Process Failed: HiveQL problem
I've installed Hadoop using Ambari Server (Hortonworks Data Platform HDP-2.6). The connection to radoop passed without any errors . I am able to store and retrieve in hive from rapidminer using the connection made. However, when I'm running any process related to Spark; For eg: the tutorial process for k-means in radoop, I get the following error :-
com.rapidminer.operator.OperatorException: HiveQL problem (org.apache.hive.service.cli.HiveSQLException: Error while compiling statement: FAILED: SemanticException Line 1:17 Invalid path ''/tmp/radoop/admin/tmp_1525790714419a_csh8jcj/'': No files matching path hdfs://node.server.com:8020/tmp/radoop/admin/tmp_1525790714419a_csh8jcj)
SEVERE: Process failed: HiveQL problem (org.apache.hive.service.cli.HiveSQLException: Error while compiling statement: FAILED: SemanticException Line 1:17 Invalid path ''/tmp/radoop/admin/tmp_1525790714419a_csh8jcj/'': No files matching path hdfs://node.server.com:8020/tmp/radoop/admin/tmp_1525790714419a_csh8jcj)
I'm also able to run programs in Spark via the terminal but I get this error if I run it through Radoop.
Can anybody get me a solution for this?
Comments
The process works fine when we run the k-means clustering(not the radoop operator) inside SparkRM and checking/setting the "merge output" and "resolve schema conflicts" .

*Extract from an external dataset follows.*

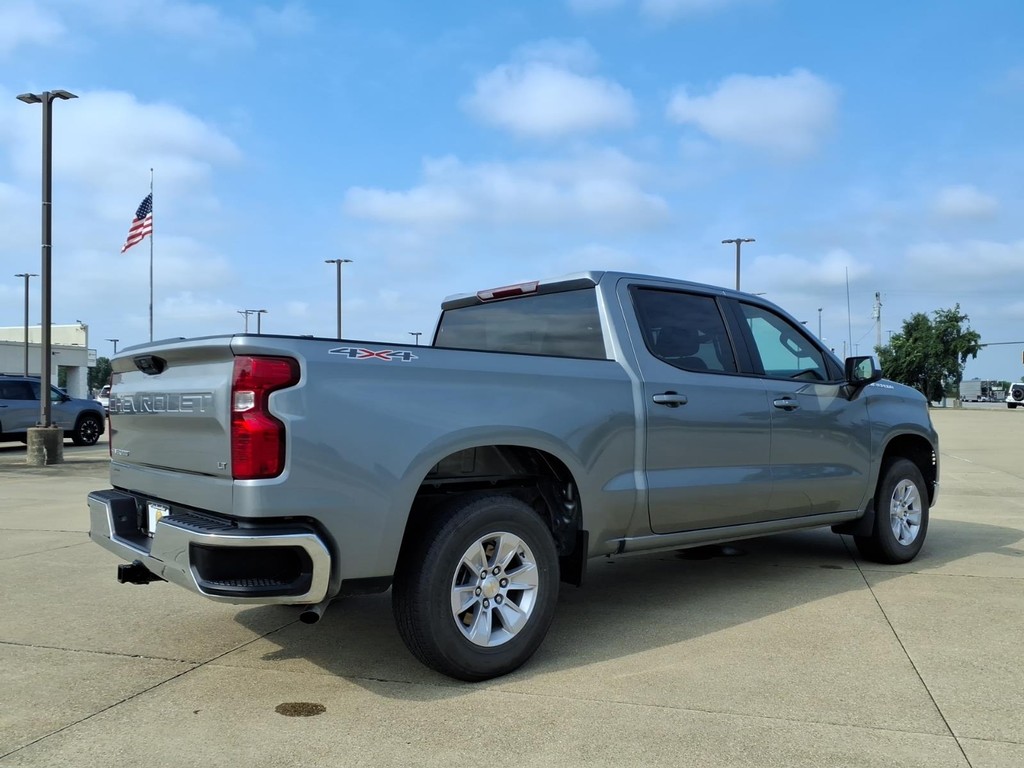 Chevrolet Silverado 1500 Vehicle Full-screen Gallery Image 25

But still the same error persists for the tutorial process.
Hi,
are you referring to the "Full Test" when saying "The connection to radoop passed without any errors"?
It would be helpful to run the Full Test (may take some time) that includes Spark job test as well.
If Full Test succeeds, there may be a hidden error in the submitted Spark job, which may result in a missing output, but that is just a guess. Do you have access to the Resource Manager UI (typically at port :8088) of the cluster.
Best,
Peter
The full test passed without any errors and I'm able to access the Resource Manager too. The process(Spark job) shows status as "SUCCEEDED". I ran into a problem with Radoop K-means Tutorial process.
In the hadoop data tab,we are able to view the clustered data but still the process ends with the same SemanticException error.
Hi,
This problem occurs when Radoop tries to load the output of the Spark job into a Hive table. My first assumption would be that the user running Hive jobs cannot access the files created by the Spark job. (owned by user 'admin') We have to find the exact reason behind this, but for that, we need to know a bit more about your configuration.
On the other hand, your sentence "In the hadoop data tab,we are able to view the clustered data " makes me doubt this assumption. Just to be sure: you can see it among the tables, and not through import files from HDFS option, right? Are you 100% sure, you see the result of the currently executed process? Because if you are, we have to look in entirely different directions.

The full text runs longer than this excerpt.